Tungku itu mirip gentong berukuran besar. Diameternya sekitar 70 sentimeter. Bahannya dari tanah liat. Agar bisa digunakan untuk membuat kompyang, gentong besar tersebut dilapisi dinding semen dan pasir. Lapisan paling luar berupa anyaman bambu.
Cara menggunakan, bagian dalam tungku dibakar dengan kayu. Agar kayu cepat menjadi bara, harus dikipas secara manual. Sekitar setengah jam pembakaran berlangsung, sampai dinding tungku panas. Tanda kalau sudah panas bisa dilihat dari dinding bagian dalam tungku yang berwarna agak putih.
”Saat itulah, adonan kompyang mulai ditempelkan ke dinding tungku bagian dalam. Agar melekat, kompyang agak dibasahi sebelum ditempel,” jelas Suharti.
Proses memasak memanfaatkan panas yang tersisa di dinding bagian dalam tungku. Saat semua kompyang sudah tertempel, Suharti tampak memanasi lagi tungku dengan kayu pete dan jati. ”Harus dua kayu itu biar panas,” ujar perempuan 52 tahun itu.
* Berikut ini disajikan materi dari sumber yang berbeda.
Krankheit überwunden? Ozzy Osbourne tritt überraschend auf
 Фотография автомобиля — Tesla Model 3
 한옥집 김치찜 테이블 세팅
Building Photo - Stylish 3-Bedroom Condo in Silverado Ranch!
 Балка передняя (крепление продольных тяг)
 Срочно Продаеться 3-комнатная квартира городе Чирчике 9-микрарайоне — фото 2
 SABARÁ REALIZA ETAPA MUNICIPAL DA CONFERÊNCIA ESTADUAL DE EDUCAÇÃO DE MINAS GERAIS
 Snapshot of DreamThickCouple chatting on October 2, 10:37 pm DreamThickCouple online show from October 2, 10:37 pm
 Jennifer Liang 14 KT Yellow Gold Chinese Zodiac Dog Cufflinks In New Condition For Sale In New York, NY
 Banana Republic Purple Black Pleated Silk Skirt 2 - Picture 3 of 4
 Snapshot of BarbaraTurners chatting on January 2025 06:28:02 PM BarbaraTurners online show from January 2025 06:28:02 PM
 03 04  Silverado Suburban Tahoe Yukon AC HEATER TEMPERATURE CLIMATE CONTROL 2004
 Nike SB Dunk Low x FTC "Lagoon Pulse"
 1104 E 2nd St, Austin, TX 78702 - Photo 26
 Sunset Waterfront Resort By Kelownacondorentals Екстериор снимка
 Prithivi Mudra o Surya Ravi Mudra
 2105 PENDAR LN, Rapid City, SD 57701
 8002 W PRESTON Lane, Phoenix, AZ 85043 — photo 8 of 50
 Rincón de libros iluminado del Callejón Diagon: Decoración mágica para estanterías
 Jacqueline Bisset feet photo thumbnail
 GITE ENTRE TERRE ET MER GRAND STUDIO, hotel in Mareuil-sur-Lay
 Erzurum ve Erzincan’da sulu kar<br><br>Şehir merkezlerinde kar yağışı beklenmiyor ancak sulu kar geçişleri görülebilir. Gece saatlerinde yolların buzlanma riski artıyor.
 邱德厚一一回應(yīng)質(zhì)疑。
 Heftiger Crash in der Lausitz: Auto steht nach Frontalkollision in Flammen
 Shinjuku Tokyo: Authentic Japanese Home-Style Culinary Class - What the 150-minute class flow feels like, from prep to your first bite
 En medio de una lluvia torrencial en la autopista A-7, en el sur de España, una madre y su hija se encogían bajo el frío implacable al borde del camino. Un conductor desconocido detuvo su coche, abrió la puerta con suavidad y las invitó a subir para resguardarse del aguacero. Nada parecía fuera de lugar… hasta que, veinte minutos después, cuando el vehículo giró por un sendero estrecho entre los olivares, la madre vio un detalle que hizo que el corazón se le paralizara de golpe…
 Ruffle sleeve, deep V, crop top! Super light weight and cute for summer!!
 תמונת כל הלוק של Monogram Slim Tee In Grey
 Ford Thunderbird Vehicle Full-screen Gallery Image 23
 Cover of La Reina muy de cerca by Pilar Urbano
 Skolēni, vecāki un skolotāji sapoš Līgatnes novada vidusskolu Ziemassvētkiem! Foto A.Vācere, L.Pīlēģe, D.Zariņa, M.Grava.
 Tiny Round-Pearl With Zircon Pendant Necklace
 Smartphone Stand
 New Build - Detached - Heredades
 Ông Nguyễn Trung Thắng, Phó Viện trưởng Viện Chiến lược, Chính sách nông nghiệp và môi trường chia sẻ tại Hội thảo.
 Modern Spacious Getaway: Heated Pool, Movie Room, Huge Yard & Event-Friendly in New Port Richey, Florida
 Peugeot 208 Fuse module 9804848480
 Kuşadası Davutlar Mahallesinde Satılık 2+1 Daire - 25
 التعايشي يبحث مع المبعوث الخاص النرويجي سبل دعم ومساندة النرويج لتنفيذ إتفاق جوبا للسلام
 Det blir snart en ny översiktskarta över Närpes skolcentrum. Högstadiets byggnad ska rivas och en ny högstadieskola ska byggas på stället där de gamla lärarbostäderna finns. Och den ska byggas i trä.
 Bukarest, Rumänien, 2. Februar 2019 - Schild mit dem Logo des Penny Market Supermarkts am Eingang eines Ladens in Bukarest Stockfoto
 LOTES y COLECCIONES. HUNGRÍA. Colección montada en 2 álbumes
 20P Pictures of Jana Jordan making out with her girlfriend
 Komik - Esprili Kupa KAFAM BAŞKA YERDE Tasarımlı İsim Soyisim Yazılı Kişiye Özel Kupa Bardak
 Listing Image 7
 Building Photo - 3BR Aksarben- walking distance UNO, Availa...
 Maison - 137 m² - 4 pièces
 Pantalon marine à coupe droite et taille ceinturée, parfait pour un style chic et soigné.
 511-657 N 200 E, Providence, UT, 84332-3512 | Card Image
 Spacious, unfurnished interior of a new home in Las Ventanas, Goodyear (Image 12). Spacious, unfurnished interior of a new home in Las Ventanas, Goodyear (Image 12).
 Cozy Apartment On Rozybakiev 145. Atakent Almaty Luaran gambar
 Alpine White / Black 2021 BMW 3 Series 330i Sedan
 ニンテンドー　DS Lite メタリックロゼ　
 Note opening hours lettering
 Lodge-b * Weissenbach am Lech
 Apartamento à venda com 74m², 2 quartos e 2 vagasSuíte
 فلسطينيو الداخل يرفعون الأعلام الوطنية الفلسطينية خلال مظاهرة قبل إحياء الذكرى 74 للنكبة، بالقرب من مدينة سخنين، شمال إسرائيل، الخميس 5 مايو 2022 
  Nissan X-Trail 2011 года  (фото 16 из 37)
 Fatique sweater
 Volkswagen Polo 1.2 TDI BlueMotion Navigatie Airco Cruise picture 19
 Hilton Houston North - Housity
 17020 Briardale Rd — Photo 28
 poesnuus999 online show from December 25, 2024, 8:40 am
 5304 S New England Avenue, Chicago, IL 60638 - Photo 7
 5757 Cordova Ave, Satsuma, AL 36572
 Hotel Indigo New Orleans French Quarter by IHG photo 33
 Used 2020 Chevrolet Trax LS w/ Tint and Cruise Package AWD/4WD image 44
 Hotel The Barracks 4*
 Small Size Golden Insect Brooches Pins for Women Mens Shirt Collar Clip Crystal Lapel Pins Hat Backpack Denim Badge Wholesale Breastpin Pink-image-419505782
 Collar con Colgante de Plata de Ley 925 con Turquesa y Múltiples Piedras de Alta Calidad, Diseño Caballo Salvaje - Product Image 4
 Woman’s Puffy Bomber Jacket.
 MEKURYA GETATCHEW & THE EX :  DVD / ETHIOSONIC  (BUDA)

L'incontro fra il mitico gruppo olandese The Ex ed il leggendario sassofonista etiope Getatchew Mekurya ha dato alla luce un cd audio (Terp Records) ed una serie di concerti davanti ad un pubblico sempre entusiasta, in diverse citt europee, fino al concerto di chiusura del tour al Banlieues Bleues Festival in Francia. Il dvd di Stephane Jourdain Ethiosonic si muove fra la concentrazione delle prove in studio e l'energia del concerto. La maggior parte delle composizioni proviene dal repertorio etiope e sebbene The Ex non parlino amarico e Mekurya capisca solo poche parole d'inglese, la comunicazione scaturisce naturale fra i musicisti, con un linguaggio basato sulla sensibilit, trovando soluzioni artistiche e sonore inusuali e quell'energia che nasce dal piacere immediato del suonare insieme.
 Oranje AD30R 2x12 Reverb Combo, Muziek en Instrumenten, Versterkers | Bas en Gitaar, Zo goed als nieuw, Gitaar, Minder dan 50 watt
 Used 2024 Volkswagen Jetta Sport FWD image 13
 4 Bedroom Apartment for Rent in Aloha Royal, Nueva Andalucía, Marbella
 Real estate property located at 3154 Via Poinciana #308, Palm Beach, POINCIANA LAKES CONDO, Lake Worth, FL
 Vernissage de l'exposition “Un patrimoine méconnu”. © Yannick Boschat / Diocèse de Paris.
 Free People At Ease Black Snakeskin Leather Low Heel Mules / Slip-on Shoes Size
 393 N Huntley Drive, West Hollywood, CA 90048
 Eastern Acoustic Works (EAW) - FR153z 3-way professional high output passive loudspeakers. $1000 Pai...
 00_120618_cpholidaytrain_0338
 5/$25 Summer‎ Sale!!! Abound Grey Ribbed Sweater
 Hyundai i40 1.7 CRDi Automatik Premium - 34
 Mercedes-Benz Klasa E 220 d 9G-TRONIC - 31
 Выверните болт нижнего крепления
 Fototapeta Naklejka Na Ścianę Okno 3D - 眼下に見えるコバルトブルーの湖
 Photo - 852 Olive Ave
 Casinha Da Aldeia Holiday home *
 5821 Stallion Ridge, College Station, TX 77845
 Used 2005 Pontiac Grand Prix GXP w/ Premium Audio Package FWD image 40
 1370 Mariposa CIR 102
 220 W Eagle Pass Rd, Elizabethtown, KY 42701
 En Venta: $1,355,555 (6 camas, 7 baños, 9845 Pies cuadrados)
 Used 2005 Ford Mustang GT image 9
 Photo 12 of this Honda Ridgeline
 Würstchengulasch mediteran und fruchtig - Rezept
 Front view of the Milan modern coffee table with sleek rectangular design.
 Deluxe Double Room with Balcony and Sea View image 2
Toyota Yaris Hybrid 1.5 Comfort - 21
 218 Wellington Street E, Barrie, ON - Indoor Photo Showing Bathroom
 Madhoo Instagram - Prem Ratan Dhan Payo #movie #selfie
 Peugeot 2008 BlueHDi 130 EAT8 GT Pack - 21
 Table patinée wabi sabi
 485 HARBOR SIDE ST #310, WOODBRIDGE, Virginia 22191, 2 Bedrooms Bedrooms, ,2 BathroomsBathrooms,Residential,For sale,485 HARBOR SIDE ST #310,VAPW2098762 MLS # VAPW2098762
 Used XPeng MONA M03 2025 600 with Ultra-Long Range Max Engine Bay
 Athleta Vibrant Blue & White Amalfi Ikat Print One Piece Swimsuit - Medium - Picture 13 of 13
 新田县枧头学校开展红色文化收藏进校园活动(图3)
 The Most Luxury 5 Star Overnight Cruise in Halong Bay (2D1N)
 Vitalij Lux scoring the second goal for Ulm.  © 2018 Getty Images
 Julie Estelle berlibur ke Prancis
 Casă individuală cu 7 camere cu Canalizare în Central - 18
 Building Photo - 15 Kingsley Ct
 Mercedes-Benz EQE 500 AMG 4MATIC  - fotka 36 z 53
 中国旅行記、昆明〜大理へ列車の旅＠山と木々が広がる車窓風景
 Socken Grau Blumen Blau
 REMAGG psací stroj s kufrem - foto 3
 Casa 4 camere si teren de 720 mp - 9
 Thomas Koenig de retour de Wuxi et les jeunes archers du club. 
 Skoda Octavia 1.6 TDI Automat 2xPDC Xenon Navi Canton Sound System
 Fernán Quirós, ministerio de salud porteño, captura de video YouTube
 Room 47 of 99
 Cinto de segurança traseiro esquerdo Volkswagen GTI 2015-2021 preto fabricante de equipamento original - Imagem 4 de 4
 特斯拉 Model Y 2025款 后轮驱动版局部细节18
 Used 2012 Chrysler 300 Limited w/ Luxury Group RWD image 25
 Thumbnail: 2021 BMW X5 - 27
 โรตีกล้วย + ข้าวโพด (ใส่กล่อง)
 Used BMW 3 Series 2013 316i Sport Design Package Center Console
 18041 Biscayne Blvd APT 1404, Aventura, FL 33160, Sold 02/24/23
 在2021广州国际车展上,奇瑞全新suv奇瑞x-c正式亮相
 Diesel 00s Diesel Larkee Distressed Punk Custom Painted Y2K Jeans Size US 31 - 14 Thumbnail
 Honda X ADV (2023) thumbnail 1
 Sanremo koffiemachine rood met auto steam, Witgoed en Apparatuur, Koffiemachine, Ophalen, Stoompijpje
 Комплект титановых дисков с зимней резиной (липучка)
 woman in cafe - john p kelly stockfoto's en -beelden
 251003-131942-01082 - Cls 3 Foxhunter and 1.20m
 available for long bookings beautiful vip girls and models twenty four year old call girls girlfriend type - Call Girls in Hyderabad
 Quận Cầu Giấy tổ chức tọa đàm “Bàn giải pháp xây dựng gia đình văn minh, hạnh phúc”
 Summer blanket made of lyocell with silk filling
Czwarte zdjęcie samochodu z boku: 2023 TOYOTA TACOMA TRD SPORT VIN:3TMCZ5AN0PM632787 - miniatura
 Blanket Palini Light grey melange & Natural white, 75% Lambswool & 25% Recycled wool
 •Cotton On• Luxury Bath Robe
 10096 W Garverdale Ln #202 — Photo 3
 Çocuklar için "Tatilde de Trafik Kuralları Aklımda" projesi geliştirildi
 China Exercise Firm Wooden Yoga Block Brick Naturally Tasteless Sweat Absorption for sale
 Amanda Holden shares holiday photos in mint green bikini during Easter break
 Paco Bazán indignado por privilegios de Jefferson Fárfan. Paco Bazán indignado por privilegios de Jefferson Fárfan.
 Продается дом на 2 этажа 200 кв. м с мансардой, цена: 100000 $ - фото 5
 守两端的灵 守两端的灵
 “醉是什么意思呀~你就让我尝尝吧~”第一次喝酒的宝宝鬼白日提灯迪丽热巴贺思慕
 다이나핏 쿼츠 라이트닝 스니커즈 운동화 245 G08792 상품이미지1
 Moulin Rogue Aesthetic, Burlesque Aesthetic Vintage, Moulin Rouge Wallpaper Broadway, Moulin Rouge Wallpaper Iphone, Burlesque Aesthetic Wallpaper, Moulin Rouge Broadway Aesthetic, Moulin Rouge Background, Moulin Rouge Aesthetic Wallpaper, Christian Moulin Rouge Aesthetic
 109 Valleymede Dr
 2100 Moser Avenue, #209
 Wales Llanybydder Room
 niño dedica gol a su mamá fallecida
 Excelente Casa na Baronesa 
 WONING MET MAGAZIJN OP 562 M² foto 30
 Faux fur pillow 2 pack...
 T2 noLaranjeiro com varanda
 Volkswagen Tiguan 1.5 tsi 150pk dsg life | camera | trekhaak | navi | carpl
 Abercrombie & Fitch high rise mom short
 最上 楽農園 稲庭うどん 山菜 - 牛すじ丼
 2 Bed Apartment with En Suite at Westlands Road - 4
Begitu terlihat mengembang dan warnanya kecokelatan, kompyang baru diangkat dan siap disajikan. Dimakan langsung enak, dicampur teh atau susu pun enak. ”Biasanya dicampur dengan air gula hangat,” kata Cukup Widodo, adik Suharti.
Karena proses yang terbilang ribet dan serbatradisional tersebut, jarang ada yang mau membuat. Bahkan, menurut Widodo, ternyata usaha yang dimulai bapaknya itu kini mungkin satusatunya di Sidoarjo.